Automated Rapid Climatological Azimuth Deviation Estimation
This project aims to understand the feasibility of a simplified rapid azimuth deviation prediction scheme for improving the source location when implementing an association and location cross-bearings, grid-search method like IMS_vASC [Matoza et al., 2017]. This implies using "offline", portable, and available for research purposes tools, so the calculations could be performed by any scientist in their personal workstation machine, but could also scale to a large research computation center.
The project itself is a collection of Python scripts plus some Fortran 90 layers that communicate with
available open source climatologies and a 3D ray-tracing algorithm.
ARCADE_main.py
contains the functions that serve to find and estimate the azimuth deviations, representing the core of the used methodology.
ARCADE is cabable of different types of ray propagation modelling. The most basic model is range independent (spherically layered atmosphere), meaning that uses average atmospheric descriptions in height for a source to receiver (station) direction slice ('profile'). This case uses only climatologies to determine the properties of the atmosphere for a given datetime and profile. This case can be tuned to use "perturbed" climatological profiles.
The second range intependent modeling type is a hybrid calculation that merges ECMWF ERA 5 descriptions for the lower ~80 km, with climatologies for the upper atmosphere. This case needs internet connection, and could fail if the download process hangs.

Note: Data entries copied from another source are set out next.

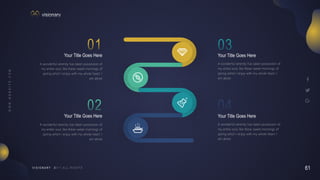61
V I S I O N A R Y
A wonderful serenity has taken possession of
my entire soul, like these sweet mornings of
spring which I enjoy with my whole heart. I
am alone
Your Title Goes Here
Your Title Goes Here
A wonderful serenity has taken possession of
my entire soul, like these sweet mornings of
spring which I enjoy with my whole heart. I
am alone
A wonderful serenity has taken possession of
my entire soul, like these sweet mornings of
spring which I enjoy with my whole heart. I
am alone
Your Title Goes Here
Your Title Goes Here
A wonderful serenity has taken possession of
my entire soul, like these sweet mornings of
spring which I enjoy with my whole heart. I
am alone
 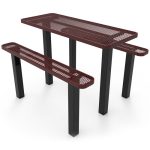 rectangular independent pedestal table 6ft em inground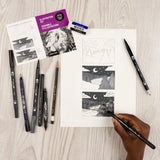 Tombow Illustration Set includes all the tools you need to create pen & ink drawings, sketches and illustrations. Contains instructional guide with helpful tips on basic drawing techniques, layering, value and composition.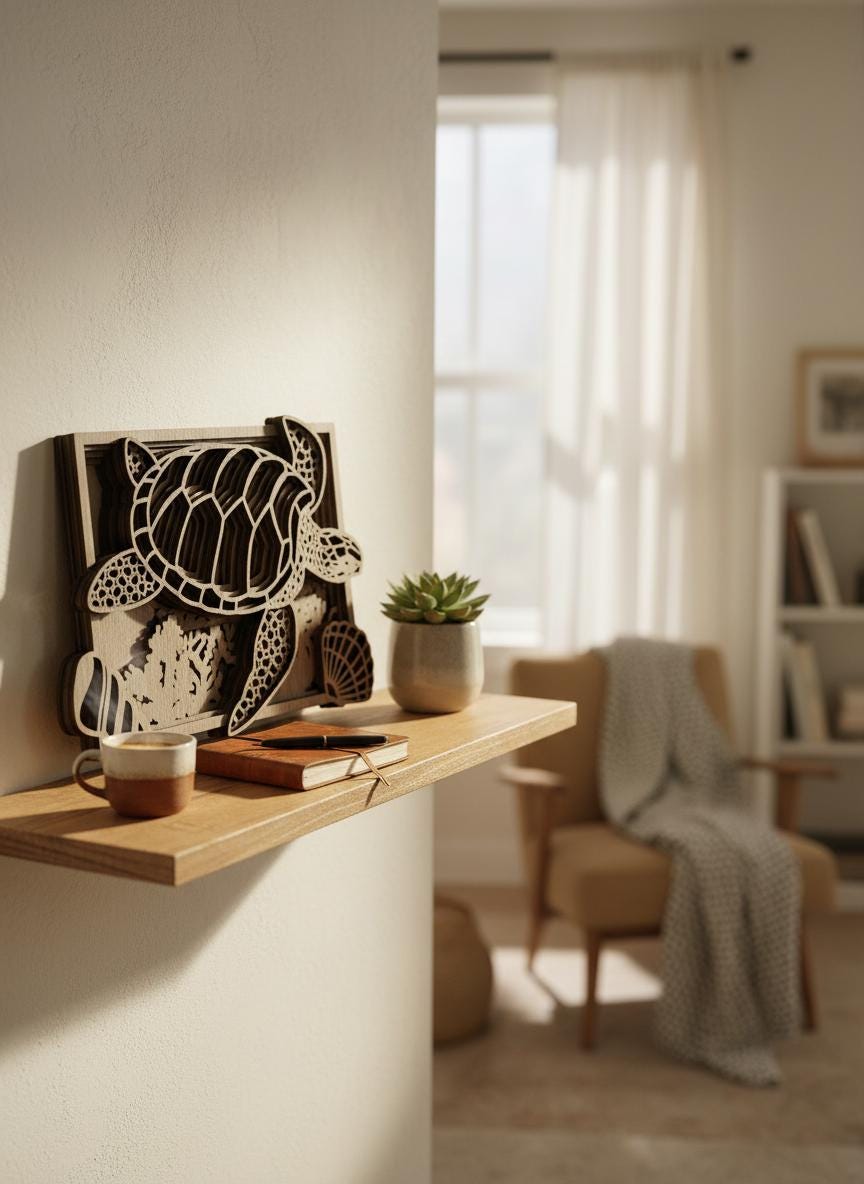 3D Walnut Turtle Wall Art: Layered Ocean Decor for Coastal Homes
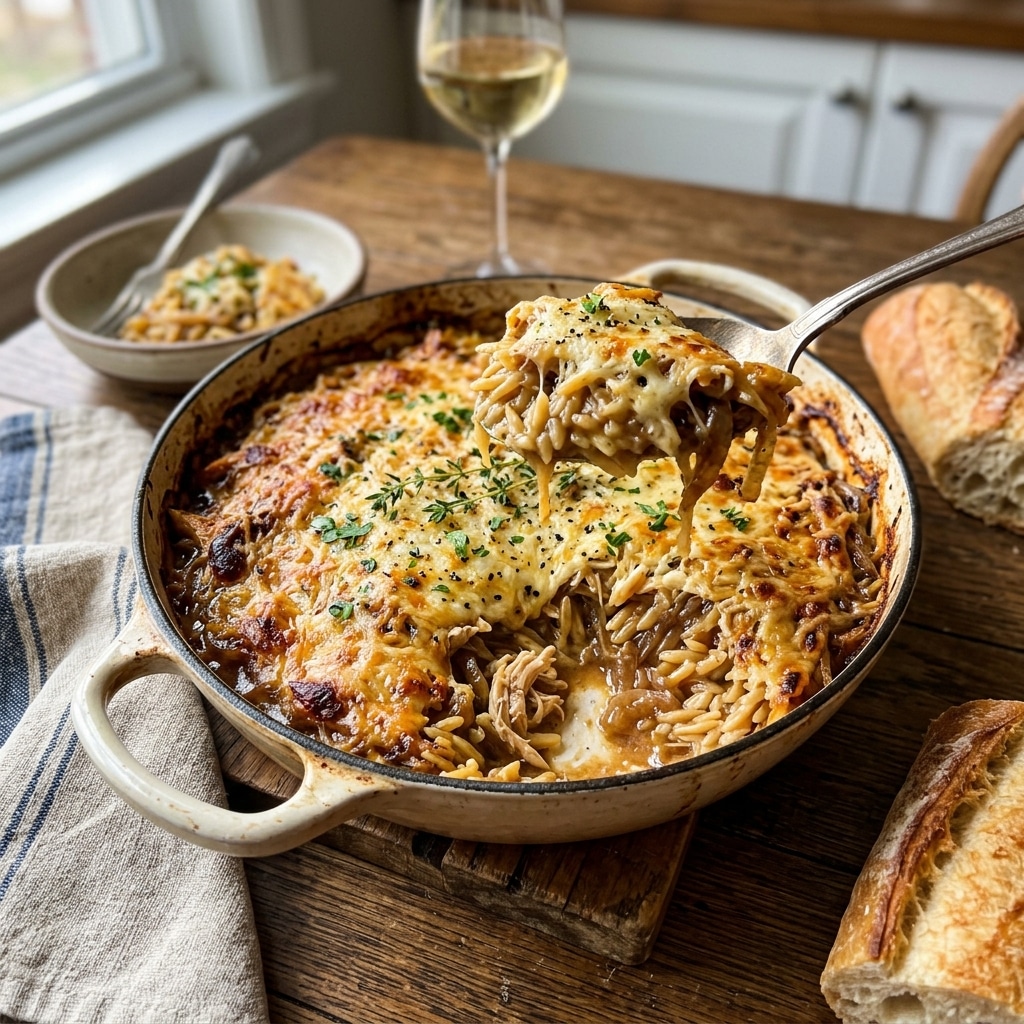 French Onion Chicken Orzo Casserole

The third type of modeling is using range dependent climatological atmospheric descriptions. This case is more realistic than the range independent, as it estimates the 3D atmosphere by interpolating nodal columns in height that describe the area where the profile is. Note that this case is not 'rapid' anymore, so it should be used as a better, more accurate estimate of the atmospheric effect on the propagating signal. In theory it will take at least 10 times more time to calculate each one of this cases. Pertubed profileas have not been implemented in this case.
The fourth type of modeling is a range dependent hybrid set of descriptions as in the range independent hybrid case, but for nodal columns that merge ECMWF ERA 5 descriptions from 0 to ~80 km, with climatologies for >80 km heights. This case also depends on an internet connection, so it's the most realistic case, but could take much more time (or even hang). Use it when you want to narrow down some effects, or you want more accurate values after identiying interesting cases.
- De Negri, R., & Matoza, R. S. (2023). Rapid location of remote volcanic infrasound using 3D ray tracing and empirical climatologies: Application to the 2011 Cordón Caulle and 2015 Calbuco eruptions, Chile. Journal of Geophysical Research: Solid Earth, 128, e2022JB025735. https://doi.org/10.1029/2022JB025735
- De Negri, R. S., Rose, K. M., Matoza, R. S., Hupe, P., & Ceranna, L. (2022). Long-range multi-year infrasonic detection of eruptive activity at Mount Michael volcano, South Sandwich Islands. Geophysical Research Letters, 49, e2021GL096061. https://doi.org/10.1029/2021GL096061
-
All external repos (see below) in place and hopefully individually tested (through makefiles inside each one).
-
Fortran and c++ compilers (check
makefile
to define Fortran compiler in first line)-
For NRMLSIS2.0 you'll need gfortran version 4.8.5 or 6.3.0 or 8.1.0.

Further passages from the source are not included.